Suavely answering questions about his fashionable eyewear company, Andrea Guerra does not believe Warby Parker poses a threat to the eye glass giant Luxottica. According to Bloomberg, Guerra believes that Warby Parker’s success only helps the industry as a whole.
From the article:
Luxottica on Tuesday will lay out its strategy at an investors’ summit in Cincinnati, and its executives probably won’t mention a certain eyeglass-selling startup from New York’s swanky SoHo neighborhood. The company instead will outline two immediate and ambitious goals: convincing Americans to buy a second, third, or fourth pair of glasses and getting customers in emerging markets such as Thailand and Chile to spring for sunglasses and prescription frames at a upper-middle-class price point.

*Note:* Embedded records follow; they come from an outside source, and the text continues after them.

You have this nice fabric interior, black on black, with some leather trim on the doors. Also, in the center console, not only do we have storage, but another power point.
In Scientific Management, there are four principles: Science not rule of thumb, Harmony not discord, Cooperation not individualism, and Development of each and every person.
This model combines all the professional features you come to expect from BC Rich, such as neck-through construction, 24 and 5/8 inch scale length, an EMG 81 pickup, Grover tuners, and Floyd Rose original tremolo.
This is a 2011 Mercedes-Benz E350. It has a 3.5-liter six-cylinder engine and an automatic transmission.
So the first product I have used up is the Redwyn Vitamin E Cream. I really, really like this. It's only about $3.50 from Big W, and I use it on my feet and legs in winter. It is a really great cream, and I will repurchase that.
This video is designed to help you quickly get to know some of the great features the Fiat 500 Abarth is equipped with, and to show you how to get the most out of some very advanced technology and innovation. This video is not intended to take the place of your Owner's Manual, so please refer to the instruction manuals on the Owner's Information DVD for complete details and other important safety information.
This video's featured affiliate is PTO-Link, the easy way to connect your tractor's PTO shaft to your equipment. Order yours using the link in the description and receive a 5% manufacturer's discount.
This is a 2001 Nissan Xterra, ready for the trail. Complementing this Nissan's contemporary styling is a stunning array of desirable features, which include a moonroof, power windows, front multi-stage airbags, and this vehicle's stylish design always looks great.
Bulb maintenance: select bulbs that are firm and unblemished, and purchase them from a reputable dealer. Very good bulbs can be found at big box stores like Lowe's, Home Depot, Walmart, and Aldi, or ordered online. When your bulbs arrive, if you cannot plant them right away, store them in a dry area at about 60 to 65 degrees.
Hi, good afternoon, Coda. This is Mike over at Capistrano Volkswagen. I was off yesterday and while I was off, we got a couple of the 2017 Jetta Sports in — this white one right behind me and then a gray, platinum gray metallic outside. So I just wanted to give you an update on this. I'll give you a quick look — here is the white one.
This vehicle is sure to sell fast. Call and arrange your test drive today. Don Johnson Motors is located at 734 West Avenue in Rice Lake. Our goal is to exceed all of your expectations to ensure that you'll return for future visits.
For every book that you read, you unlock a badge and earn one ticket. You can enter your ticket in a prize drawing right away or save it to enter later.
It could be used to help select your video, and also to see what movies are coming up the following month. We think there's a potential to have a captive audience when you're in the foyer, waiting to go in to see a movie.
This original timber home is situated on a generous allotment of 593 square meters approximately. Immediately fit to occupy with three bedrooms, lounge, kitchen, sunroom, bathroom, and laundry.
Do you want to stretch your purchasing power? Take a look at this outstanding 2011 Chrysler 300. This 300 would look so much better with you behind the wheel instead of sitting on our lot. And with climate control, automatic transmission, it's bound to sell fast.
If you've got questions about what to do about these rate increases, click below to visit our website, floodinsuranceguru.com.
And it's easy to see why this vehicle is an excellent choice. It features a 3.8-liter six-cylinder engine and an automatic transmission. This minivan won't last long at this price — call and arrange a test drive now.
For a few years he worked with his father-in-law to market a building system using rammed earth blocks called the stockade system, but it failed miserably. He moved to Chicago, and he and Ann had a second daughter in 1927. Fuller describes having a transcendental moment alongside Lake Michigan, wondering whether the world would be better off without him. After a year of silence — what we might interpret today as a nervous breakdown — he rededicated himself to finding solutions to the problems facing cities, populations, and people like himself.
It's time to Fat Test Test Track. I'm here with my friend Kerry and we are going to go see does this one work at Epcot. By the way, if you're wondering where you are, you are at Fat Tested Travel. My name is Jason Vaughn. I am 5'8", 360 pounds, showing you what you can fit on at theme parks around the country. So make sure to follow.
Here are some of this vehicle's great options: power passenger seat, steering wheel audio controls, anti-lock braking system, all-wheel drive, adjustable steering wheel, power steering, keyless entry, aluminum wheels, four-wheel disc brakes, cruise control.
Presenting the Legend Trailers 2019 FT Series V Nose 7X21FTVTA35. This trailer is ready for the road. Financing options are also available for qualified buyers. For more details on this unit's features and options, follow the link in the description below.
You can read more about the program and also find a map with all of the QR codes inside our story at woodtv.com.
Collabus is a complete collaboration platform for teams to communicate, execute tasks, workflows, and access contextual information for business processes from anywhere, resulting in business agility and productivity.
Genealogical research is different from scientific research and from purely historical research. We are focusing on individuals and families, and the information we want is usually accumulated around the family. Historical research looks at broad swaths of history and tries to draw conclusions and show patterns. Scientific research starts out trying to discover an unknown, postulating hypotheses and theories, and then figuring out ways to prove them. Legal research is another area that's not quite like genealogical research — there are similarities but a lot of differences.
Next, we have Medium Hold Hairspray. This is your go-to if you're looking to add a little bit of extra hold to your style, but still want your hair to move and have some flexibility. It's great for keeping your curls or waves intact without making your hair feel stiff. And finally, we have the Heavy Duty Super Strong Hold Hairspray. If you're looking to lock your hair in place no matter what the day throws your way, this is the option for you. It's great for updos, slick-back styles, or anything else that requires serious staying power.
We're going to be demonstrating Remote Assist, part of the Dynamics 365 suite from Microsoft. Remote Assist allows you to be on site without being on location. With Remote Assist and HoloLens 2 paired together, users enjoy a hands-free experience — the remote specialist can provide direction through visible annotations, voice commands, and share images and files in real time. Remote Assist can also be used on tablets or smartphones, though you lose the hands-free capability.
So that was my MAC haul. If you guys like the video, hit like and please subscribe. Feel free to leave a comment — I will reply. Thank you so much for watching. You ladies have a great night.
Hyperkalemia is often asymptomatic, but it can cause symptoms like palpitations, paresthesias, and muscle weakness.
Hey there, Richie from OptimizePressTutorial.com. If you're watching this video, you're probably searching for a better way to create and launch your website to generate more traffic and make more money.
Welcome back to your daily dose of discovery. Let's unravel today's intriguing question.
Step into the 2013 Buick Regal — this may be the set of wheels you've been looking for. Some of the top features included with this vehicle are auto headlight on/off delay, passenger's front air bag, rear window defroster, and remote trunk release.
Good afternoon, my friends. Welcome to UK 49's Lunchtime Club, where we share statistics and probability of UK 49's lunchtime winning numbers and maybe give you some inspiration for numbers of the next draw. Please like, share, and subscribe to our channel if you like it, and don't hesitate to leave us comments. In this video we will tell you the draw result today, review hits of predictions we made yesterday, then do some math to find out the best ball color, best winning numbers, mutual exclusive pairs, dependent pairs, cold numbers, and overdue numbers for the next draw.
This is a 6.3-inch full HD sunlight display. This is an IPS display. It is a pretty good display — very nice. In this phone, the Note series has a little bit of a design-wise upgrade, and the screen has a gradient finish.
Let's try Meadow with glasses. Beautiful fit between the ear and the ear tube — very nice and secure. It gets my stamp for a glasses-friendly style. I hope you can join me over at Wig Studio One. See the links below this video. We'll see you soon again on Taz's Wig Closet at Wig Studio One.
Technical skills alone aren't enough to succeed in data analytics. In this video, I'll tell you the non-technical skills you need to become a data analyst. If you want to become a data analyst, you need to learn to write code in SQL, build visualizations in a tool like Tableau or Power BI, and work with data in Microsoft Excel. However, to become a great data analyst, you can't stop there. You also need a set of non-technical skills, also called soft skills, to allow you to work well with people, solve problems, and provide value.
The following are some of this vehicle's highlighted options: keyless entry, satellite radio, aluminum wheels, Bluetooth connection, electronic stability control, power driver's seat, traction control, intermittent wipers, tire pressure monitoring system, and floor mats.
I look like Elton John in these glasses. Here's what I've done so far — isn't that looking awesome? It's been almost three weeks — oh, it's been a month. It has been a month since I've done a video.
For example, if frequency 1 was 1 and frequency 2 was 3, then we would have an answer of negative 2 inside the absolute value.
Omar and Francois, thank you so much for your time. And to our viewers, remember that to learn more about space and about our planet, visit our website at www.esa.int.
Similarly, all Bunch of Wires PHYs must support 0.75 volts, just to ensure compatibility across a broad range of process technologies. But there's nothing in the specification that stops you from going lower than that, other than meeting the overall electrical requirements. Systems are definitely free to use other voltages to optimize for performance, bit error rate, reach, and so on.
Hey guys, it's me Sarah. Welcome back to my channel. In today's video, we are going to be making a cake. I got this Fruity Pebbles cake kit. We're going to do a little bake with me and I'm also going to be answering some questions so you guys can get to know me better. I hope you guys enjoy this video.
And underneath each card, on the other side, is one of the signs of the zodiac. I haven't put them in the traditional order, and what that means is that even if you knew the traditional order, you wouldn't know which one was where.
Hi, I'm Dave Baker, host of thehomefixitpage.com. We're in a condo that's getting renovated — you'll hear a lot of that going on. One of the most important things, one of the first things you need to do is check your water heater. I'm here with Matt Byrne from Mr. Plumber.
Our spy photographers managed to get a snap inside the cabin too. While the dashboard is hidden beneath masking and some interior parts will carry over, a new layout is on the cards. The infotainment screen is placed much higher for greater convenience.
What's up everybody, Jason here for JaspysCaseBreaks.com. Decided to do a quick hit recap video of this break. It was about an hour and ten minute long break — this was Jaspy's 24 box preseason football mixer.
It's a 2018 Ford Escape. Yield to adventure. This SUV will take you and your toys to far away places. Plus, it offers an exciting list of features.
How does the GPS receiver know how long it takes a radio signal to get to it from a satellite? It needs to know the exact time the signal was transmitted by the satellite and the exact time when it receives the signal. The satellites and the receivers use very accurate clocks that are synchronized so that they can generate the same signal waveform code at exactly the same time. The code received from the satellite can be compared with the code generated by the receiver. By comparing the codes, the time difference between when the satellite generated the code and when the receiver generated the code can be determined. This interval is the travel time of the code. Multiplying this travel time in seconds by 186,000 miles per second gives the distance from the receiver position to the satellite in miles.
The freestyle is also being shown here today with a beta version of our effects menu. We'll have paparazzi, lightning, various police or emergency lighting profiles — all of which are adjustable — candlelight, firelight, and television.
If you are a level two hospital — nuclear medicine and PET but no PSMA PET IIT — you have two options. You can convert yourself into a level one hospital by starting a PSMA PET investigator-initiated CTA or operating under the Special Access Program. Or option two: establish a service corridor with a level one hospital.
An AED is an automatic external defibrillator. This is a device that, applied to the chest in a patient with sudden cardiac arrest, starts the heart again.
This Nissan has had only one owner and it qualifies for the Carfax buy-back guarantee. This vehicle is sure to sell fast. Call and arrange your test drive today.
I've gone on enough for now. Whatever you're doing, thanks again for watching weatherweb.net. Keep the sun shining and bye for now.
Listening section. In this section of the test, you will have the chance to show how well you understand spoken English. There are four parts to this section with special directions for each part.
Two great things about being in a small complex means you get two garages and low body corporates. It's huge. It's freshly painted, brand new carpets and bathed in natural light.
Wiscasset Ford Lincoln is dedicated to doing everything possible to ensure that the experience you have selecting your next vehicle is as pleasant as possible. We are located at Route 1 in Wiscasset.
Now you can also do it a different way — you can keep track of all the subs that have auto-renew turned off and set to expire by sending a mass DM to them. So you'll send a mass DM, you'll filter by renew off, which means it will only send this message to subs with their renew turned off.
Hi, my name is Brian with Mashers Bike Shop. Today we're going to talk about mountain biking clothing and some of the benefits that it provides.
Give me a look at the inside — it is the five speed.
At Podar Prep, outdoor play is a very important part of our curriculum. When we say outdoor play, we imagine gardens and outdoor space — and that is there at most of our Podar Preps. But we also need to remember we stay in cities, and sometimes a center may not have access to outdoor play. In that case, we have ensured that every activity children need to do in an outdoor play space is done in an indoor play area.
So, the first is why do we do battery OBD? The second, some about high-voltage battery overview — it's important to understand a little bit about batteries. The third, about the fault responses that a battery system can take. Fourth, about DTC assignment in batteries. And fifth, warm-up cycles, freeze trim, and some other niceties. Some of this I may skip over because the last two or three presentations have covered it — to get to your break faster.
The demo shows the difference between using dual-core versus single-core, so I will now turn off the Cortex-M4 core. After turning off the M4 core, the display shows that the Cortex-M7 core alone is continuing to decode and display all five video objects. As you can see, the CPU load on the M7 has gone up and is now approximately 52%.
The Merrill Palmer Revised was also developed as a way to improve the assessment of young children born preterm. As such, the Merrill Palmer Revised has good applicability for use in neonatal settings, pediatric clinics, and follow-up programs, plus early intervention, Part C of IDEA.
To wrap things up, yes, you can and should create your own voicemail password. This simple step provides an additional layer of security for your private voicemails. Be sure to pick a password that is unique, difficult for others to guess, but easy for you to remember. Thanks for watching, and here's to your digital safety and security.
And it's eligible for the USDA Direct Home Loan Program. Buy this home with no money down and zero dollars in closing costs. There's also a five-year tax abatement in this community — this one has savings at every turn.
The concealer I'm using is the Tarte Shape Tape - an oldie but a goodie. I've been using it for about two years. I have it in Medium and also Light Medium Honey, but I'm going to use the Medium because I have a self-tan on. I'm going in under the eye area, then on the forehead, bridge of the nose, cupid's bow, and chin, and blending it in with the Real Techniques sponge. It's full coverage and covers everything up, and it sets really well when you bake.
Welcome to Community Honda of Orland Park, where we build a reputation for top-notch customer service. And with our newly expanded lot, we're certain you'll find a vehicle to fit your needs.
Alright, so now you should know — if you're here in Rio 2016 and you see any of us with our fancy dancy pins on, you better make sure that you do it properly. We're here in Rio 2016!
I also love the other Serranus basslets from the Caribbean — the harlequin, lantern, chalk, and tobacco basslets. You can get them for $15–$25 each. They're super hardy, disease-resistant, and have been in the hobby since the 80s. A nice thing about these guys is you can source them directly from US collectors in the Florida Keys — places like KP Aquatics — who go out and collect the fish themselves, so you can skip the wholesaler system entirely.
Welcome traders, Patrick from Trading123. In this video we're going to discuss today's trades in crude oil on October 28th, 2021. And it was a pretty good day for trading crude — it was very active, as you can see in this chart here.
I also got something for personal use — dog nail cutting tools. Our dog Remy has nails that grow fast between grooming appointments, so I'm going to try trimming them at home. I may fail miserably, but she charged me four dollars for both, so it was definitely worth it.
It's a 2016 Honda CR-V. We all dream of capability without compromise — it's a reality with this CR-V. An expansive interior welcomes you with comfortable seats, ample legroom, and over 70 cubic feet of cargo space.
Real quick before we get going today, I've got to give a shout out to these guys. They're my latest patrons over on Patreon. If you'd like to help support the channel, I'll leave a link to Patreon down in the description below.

Guerra believes the potential on both fronts is huge. “Ten years ago, people had a basic, functional relationship with their glasses,” he explains. “Today, we have something that is much more important—much more valuable—and it’s an emotional relationship. This new thing has allowed the industry to be completely different … and not mature at all, even though it’s over 200 years old.”
Take Ray-Ban, a brand Luxottica bought in 1999. Sales at Rayban.com are increasing by almost 40 percent a year, and the company is now making 1,200 solid-gold pairs that will sell for an opulent $3,800. Growth has been even faster for Persol, a mostly hand-made line that Luxottica bought in 1996; Persol, a much smaller business overall, regularly sells its glasses for nearly $400 a pair. Oakley, a brand Luxottica bought in 2006, “is flying,” according to Guerra.
In the first half of this year, Luxottica sales increased by 7 percent, to $5.1 billion, and profit surged 16 percent, to $487 million. In addition to fashion, demand has been driven by technology. The share of sunglass models offered with prescription lenses has surged from about 15 percent to almost 90 percent in just a few years.